+++ SOURCE DATA

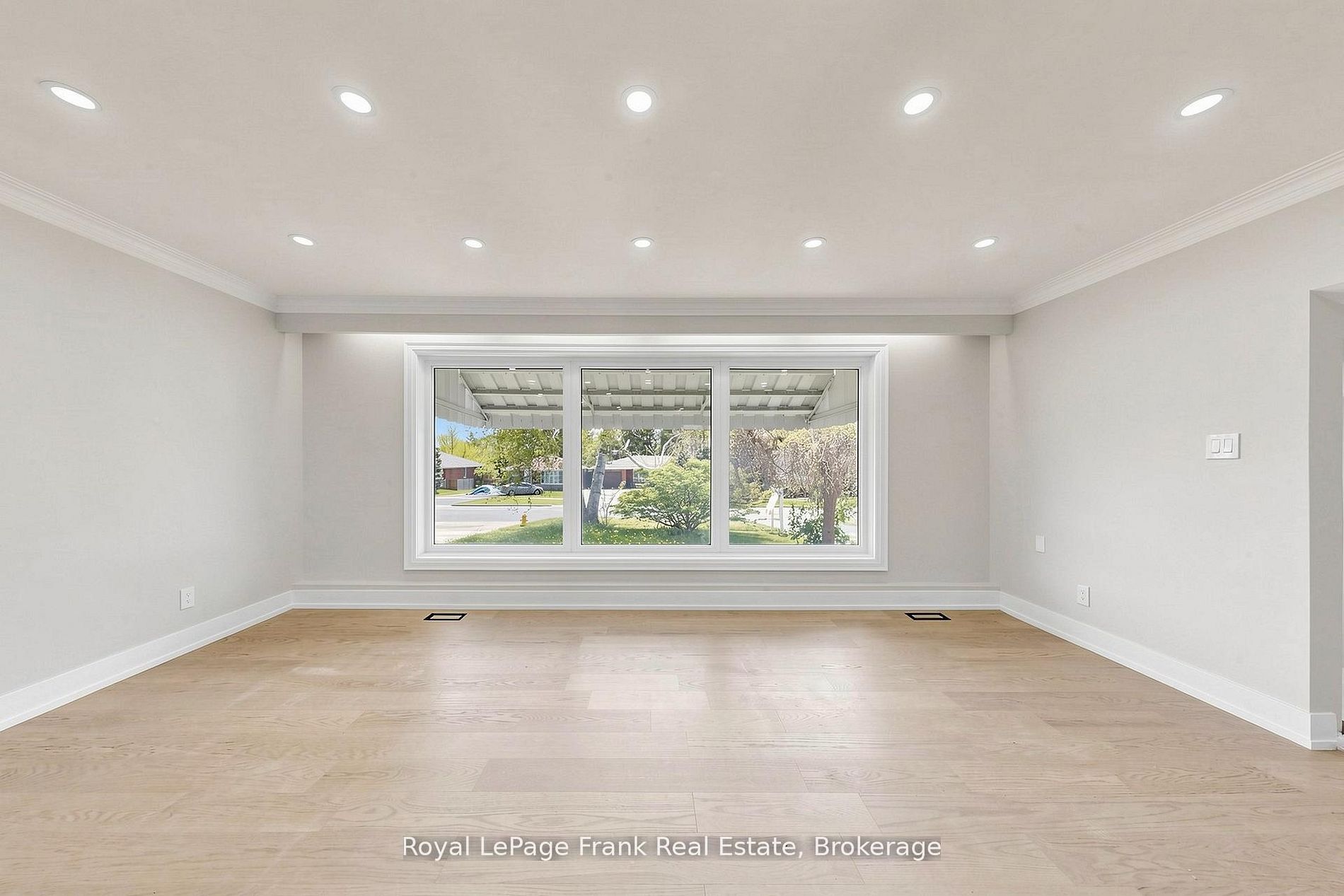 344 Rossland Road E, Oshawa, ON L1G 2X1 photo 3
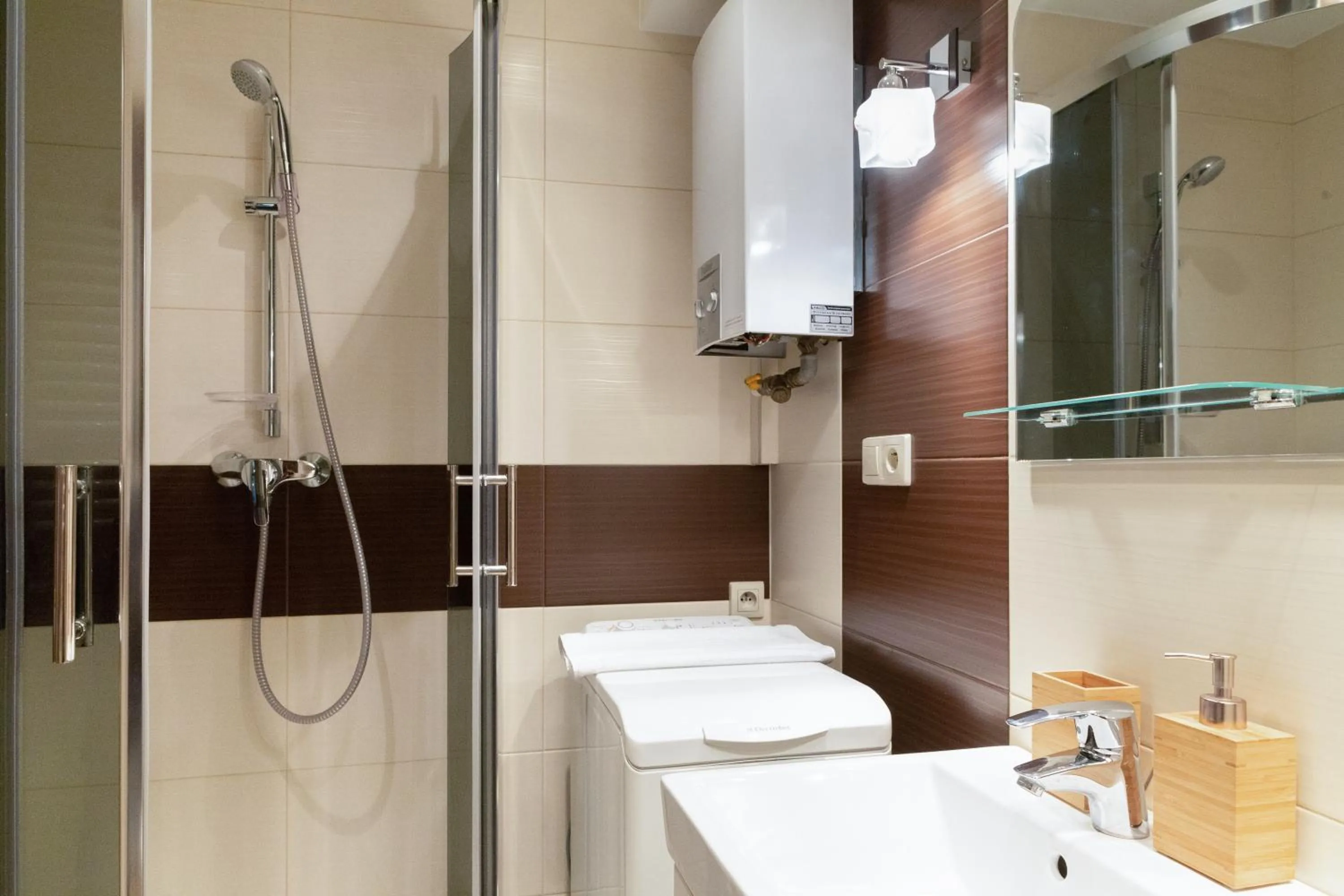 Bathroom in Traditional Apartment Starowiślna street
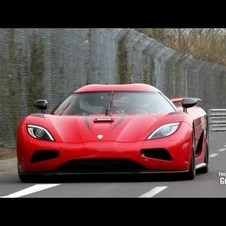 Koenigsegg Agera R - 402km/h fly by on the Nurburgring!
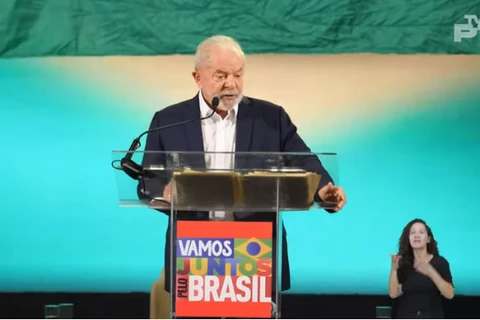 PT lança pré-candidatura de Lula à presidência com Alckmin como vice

++++++
+++ SOURCE DATA

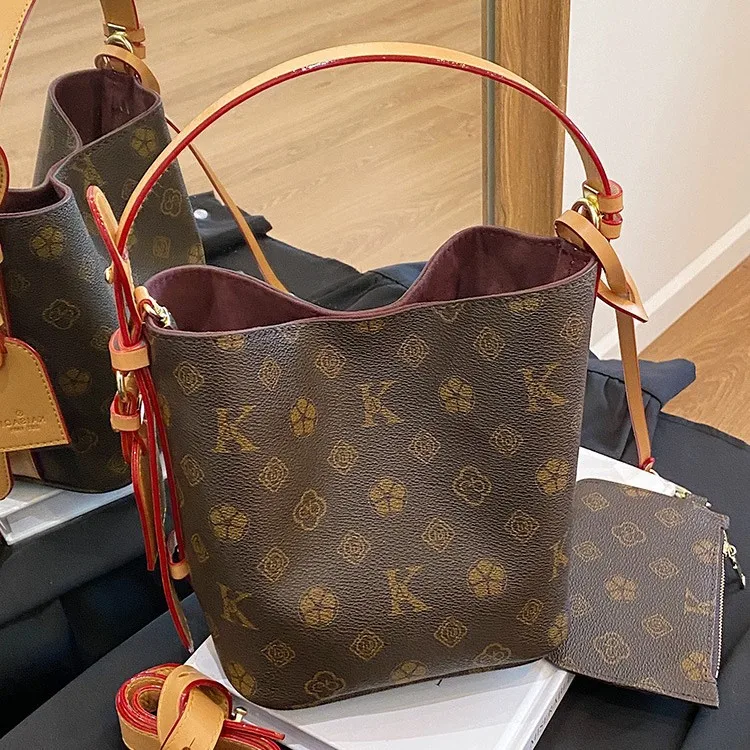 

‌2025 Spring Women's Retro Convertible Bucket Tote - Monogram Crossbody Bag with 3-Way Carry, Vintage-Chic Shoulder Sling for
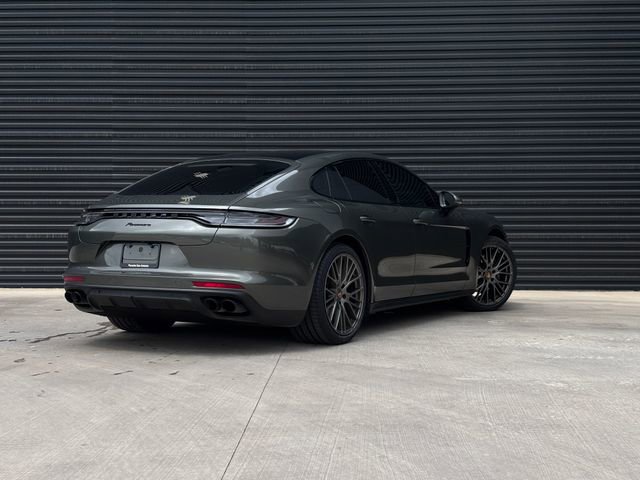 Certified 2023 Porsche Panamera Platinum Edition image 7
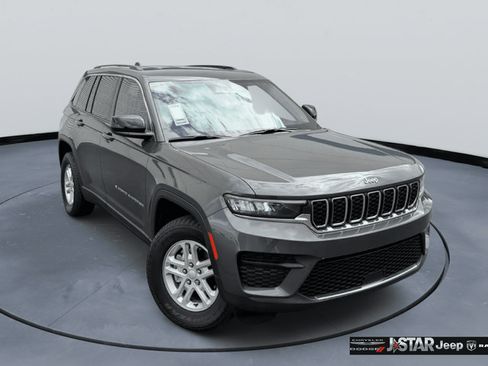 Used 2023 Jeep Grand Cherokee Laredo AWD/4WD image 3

++++++

EXERCISE OBJECTIVE: Look above for the line with "Bathroom in Traditional", then give again exactly every line from there through the line with "PT lança pré-candidatura", skipping the pictures.

REPLY:
 Bathroom in Traditional Apartment Starowiślna street
 Koenigsegg Agera R - 402km/h fly by on the Nurburgring!
 PT lança pré-candidatura de Lula à presidência com Alckmin como vice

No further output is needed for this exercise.